If you want to drop in DDIMScheduler with the stable diffusion stuff you need the right settings. I think the magic code is scheduler = diffusers.DDIMScheduler(beta_start=0.00085, beta_end=0.012, beta_schedule="scaled_linear", clip_sample=False, set_alpha_to_one=False)

jeremy · October 26, 2022, 2:37am

Where does one find the magic code? And why do those particular params work in this case?

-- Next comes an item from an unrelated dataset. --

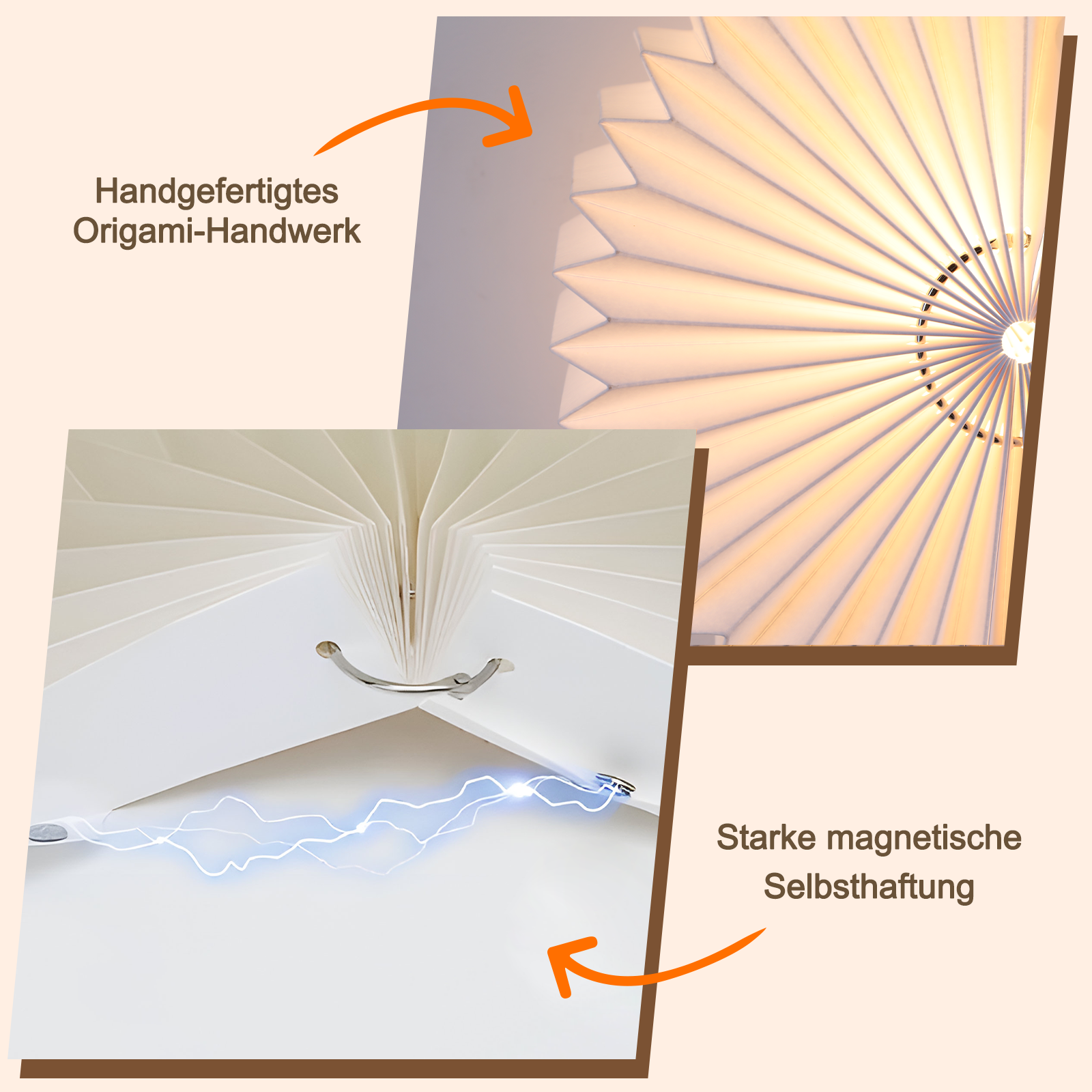 Lámpara origami con cierre magnético. Muestra una vista detallada y una descripción general de la lámpara abierta. Hay colores blancos y naranjas.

johnowhitaker · October 26, 2022, 2:45am

I stole them from someone on Discord, but if you want to do it properly you can look at the scheduler config: scheduler/scheduler_config.json · CompVis/stable-diffusion-v1-4 at main
The extra hitch is that I think DDIMScheduler has clip_sample=True as the default, which clips the sample to (-1, 1) and I think causes issues in the SD case.
I’m also now thinking that since I last tried this the step of manually scaling the model inputs is gone and replaced by scheduler.scale_model_inputs, which for lms_discrete does some scaling (as it should) but for DDIM does nothing! So that might be an problem…

EDIT:

Just tried this and it worked without needing to change the model input scaling, so that is indeed the magic code and you can ignore my extra worry above

tolgaeren · October 26, 2022, 10:51am

About accessing the ‘latex source’ for deciphering the formulas:

Sometimes there’s a faster way than downloading the source package and checking the tex file:

Using the HTML5 viewer:

Go to you favorite arxiv document

image1773×836 124 KB
Replace the ‘x’ in ‘arxiv’ with a ‘5’, hit enter:

image2916×1556 273 KB
Now you can go to any formula and right click-> show math as → annotation → tex:

image1920×796 124 KB
This will give you the original ‘TeX’ source.

image2090×1074 391 KB

PS: Only works for papers released before Sep 2022 (yet?)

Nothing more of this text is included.